For nursing students, the Coombs test for Rh factor in pregnant women can be quite confusing. To understand precisely what how the Coombs test works and what Rh factor is, we’ll be discussing that in this article.
The Immune System
First, we have to know what happens inside the body to call for a Coombs test.
The immune system creates antibodies to shield the body from harmful elements like bacteria and viruses that could cause illnesses and diseases. Antibodies are designed to protect; however, on certain occasions, they are the ones causing the distress by mistakenly targeting the healthy cells inside the body.
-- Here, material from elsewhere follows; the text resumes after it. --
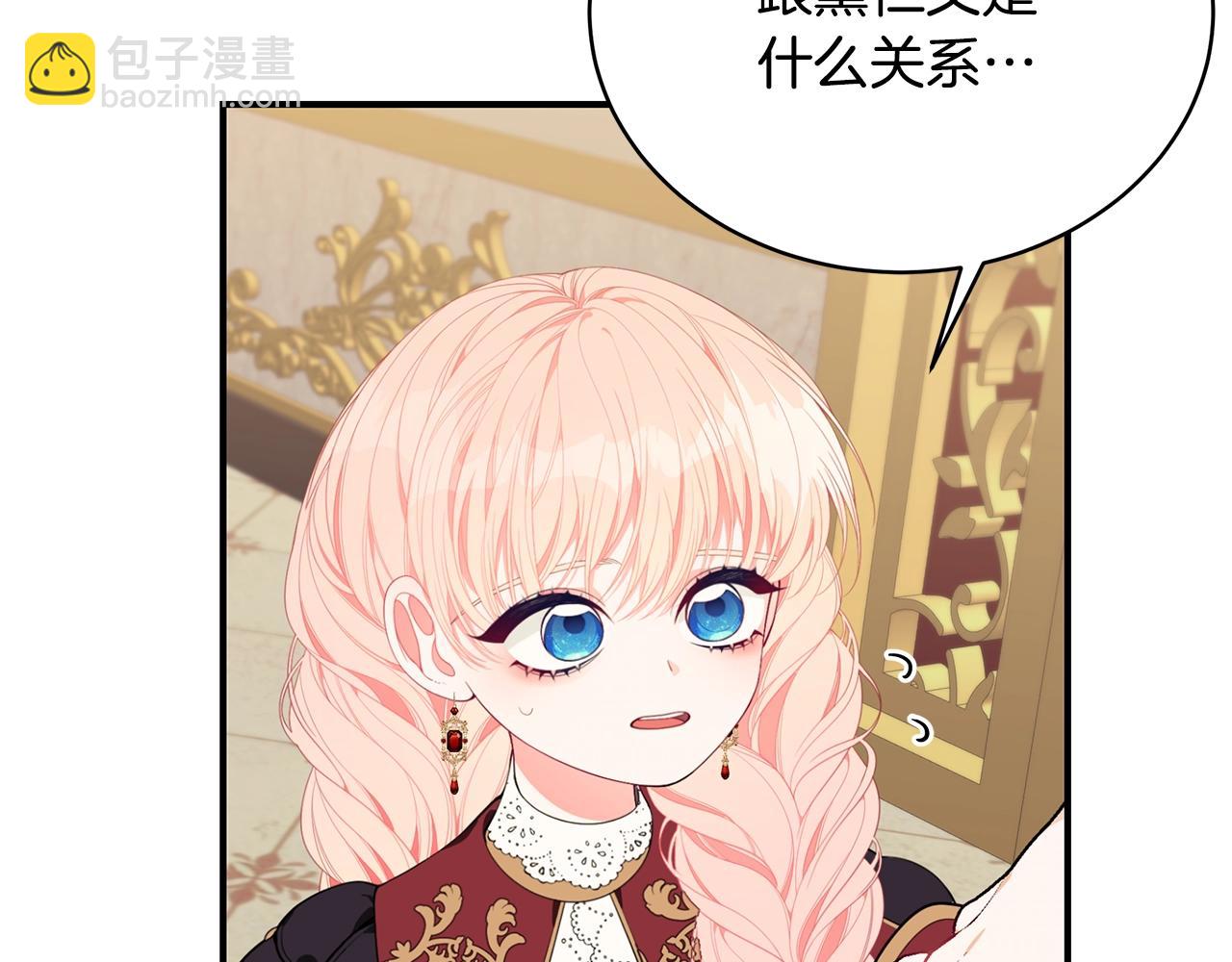 第22话 叫爸爸69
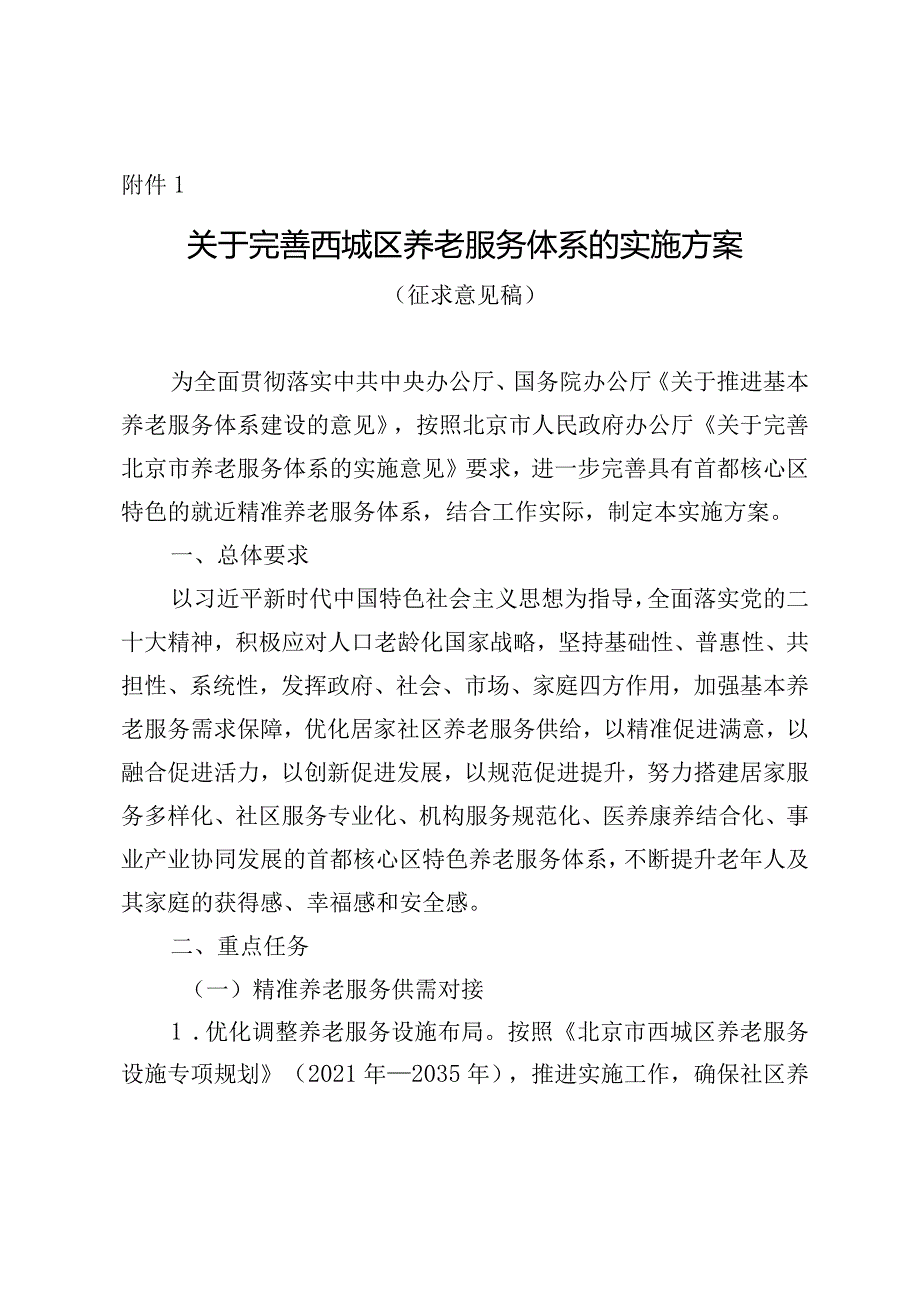 关于完善西城区养老服务体系的实施方案.docx_第1页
Because not everyone’s blood cells are the same, especially red blood cells, the immune system is programmed to attack any signs of incompatibility occurring inside the body. This is where the Coombs test comes in. In specific cases, the Coombs test is done for Rh factor during pregnancy.
The Coombs Test
The Coombs test simply meant to check the blood of the mother and fetus to determine what type of Rh factor they have, whether it’s a negative or a positive Rh factor. The Coombs test will also trace of antibodies attacking the red blood cells.
Rh Factors Explained
Rh factors pertain to the type of blood the expectant mother and the fetus have. The mom can either have a negative or a positive Rh factor and whatever the Rh factor the mom has may or may not have a direct effect on the baby.
If the mother has a negative Rh factor and the baby has a positive Rh factor, the mother’s body will recognize that the baby’s blood is different from hers, thereby triggering the creation of antibodies against the baby’s positive antigen. The antibodies created will mix into the baby’s system and attack the red blood cells either before or after childbirth. This process is harmful, and at times, life-threatening for the baby.
To turn things around, mothers who have Rh-negative blood will need a makeover through the administration of RhoGAM because we have to cease this unwanted attack by her antibodies to her Rh positive baby.
For the mom, RhoGAM acts as a shield against the Rh negative blood, which in turn, protects the baby.
During major nursing exams and even the NCLEX®, this part of the test will be quite tricky because examiners love to test their students to determine if they really understand what the Coombs test is and how it is applied with the Rh factors of both mom and fetus.
Questions about the Coombs test and Rh factor will usually revolve around: What is the Coombs test for and is it meant to protect the mom or the baby?
The answer is:
The Coombs test just shows who between the mom and the child are Rh negative or Rh positive. If the mother is negative, that will be harmful to a positive Rh blood baby. The Coombs test is meant to protect the baby by shielding the mom of the antibodies that will affect the baby by giving the mom RhoGAM. Therefore, this entire process is meant to protect the fetus and not the mother.